Humans naturally classify the sounds they hear into different categories,
including sounds produced by animals. Bioacousticians have supplemented this type of
subjective sorting with quantitative analyses of acoustic features of animal sounds.
Using neural networks to classify animal sounds extends this process one step further
by not only facilitating objective descriptive analyses of animal sounds, but also by
making it possible to simulate auditory classification processes. Critical aspects of
developing a neural network include choosing a particular architecture, converting
measurements into input representations, and training the network to recognize inputs.
When the goal is to sort vocalizations into specific types, supervised learning
algorithms make it possible for a neural network to do so with high accuracy and speed.
When the goal is to sort vocalizations based on similarities between measured
properties, unsupervised learning algorithms can be used to create neural networks that
objectively sort sounds or that quantify sequential properties of sequences of sounds.

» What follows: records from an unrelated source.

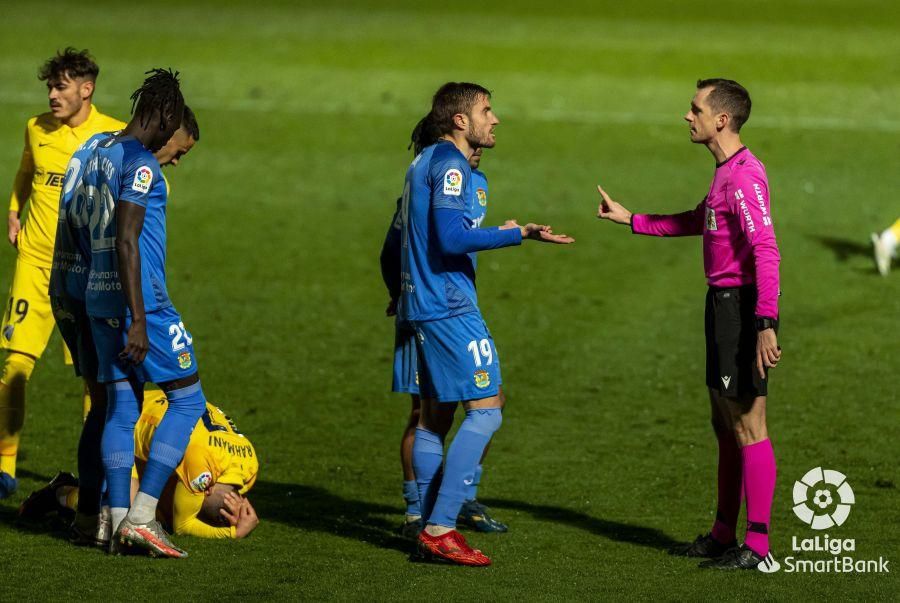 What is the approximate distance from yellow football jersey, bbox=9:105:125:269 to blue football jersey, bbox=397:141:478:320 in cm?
274

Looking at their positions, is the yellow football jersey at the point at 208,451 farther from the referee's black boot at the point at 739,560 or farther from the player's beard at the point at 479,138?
the referee's black boot at the point at 739,560

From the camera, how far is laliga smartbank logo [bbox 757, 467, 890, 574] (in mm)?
7266

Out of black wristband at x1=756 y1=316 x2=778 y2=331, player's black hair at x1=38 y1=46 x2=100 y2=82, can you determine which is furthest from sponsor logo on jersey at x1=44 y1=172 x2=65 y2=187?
black wristband at x1=756 y1=316 x2=778 y2=331

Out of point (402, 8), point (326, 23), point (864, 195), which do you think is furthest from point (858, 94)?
point (402, 8)

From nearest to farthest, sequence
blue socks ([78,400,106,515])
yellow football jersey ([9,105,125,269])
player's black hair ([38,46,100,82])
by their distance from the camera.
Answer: blue socks ([78,400,106,515]), player's black hair ([38,46,100,82]), yellow football jersey ([9,105,125,269])

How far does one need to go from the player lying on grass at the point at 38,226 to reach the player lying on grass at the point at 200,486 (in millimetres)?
1043

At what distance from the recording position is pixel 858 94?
2380cm

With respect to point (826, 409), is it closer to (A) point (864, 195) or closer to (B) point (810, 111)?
(A) point (864, 195)

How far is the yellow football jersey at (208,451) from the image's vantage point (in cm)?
776

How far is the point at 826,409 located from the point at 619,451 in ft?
6.19

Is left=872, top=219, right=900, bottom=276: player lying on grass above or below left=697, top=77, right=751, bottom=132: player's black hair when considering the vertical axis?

Neural networks can also provide insights into how animals might themselves classify
the sounds they hear, and be useful in developing specific testable hypotheses about the
functions of different sounds. The current chapter illustrates each of these applications
of neural networks in studies of the sounds produced by chickadees (Poecile
atricapillus), false killer whales (Pseudoorca crassidens), and humpback whales
(Megaptera novaeangliae).
Keywords: Adaptive filter, Computational modeling, Connectionism, Learning
algorithm, Parallel distributed processing, Perceptron, Self-organizing.